**Required action**:
Up to and including the line that holds "ホテル Montcalm Brewery", print the data exactly from its first line; do not print the pictures.

**Data items**:
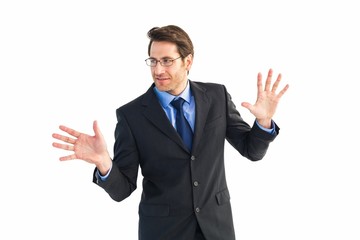 Businessman standing with fingers spread out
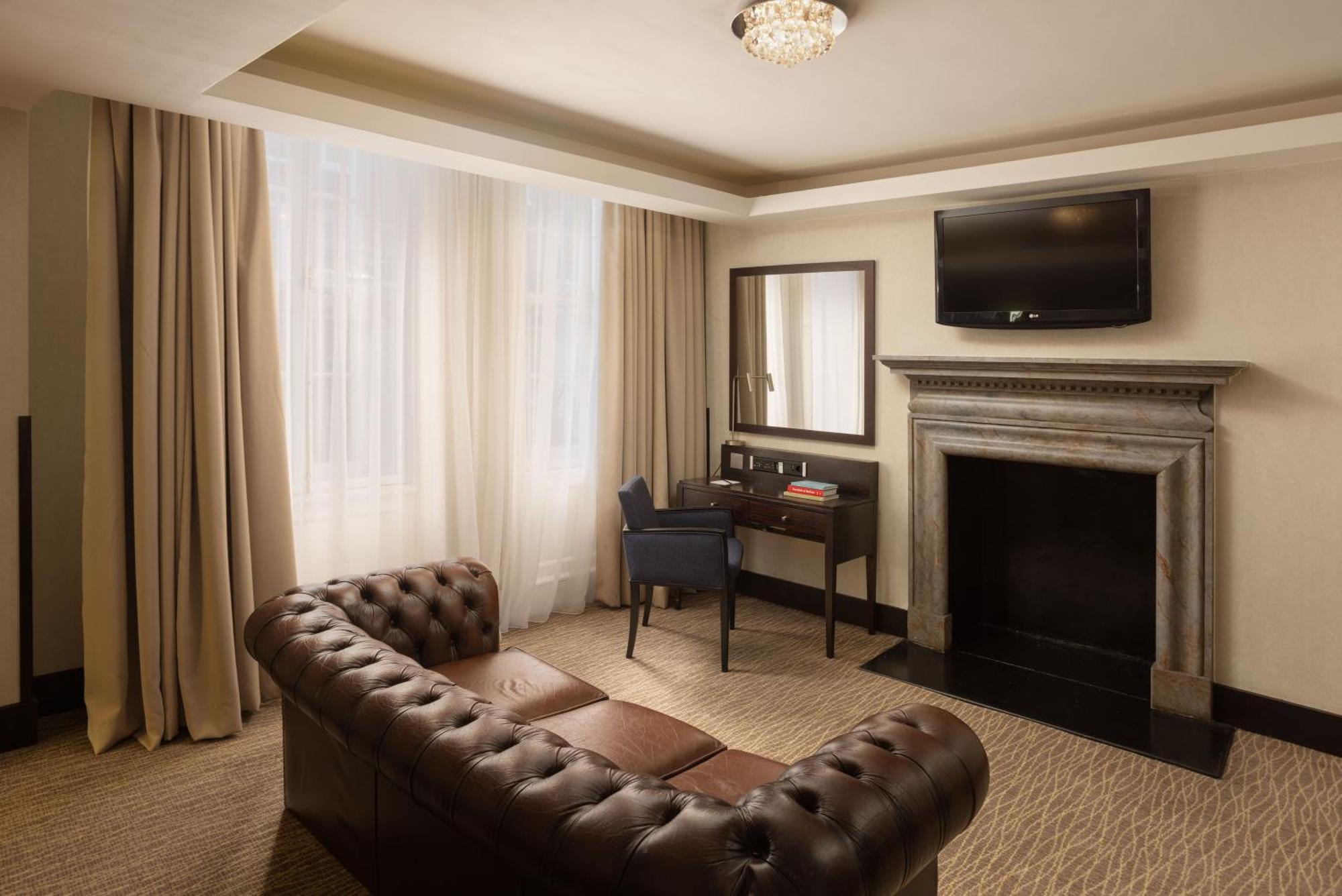 ホテル Montcalm Brewery Townhouse ロンドン エクステリア 写真 The photo shows a stylish interior of a room, likely a living area or a hotel suite. It features a dark leather chesterfield sofa with tufted upholstery. Opposite the sofa is a small wooden desk with a chair, positioned near a wall-mounted flat-scree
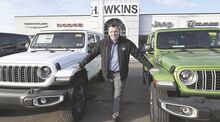 Josh Hawkins, president of Hawkins Chevrolet, stands between two Jeeps at Hawkins Chrysler, Dodge, Jeep and Ram along Route 11 in Cooper Township after the company recently bought out Kaiser Brothers.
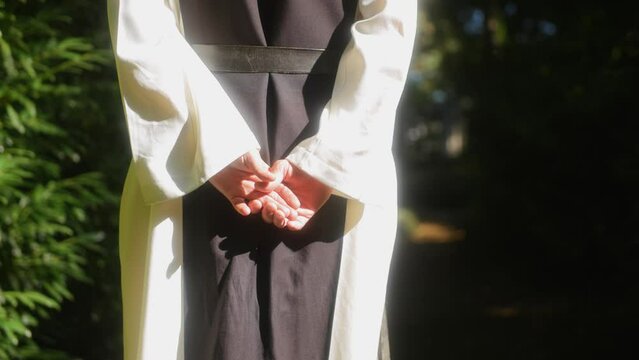 Close up shot of the hands of a monk walking in the forest towards the light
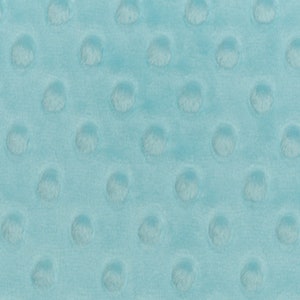 May include: A close-up of a light blue fabric with a textured pattern of small raised circles.
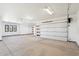 Spacious garage with polished concrete floor and large overhead door at 10249 E Joy Ranch Rd, Scottsdale, AZ 85262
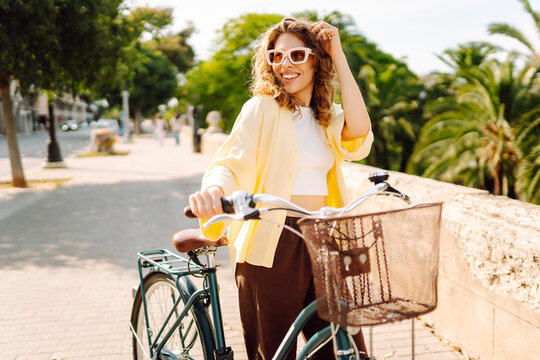 A woman rides her bicycle down a path in a city. Palm trees line the street, and she smiles while wearing sunglasses. The sun shines brightly on a clear day. Lifestyle.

**Solved exercise**:
 Businessman standing with fingers spread out
 ホテル Montcalm Brewery Townhouse ロンドン エクステリア 写真 The photo shows a stylish interior of a room, likely a living area or a hotel suite. It features a dark leather chesterfield sofa with tufted upholstery. Opposite the sofa is a small wooden desk with a chair, positioned near a wall-mounted flat-scree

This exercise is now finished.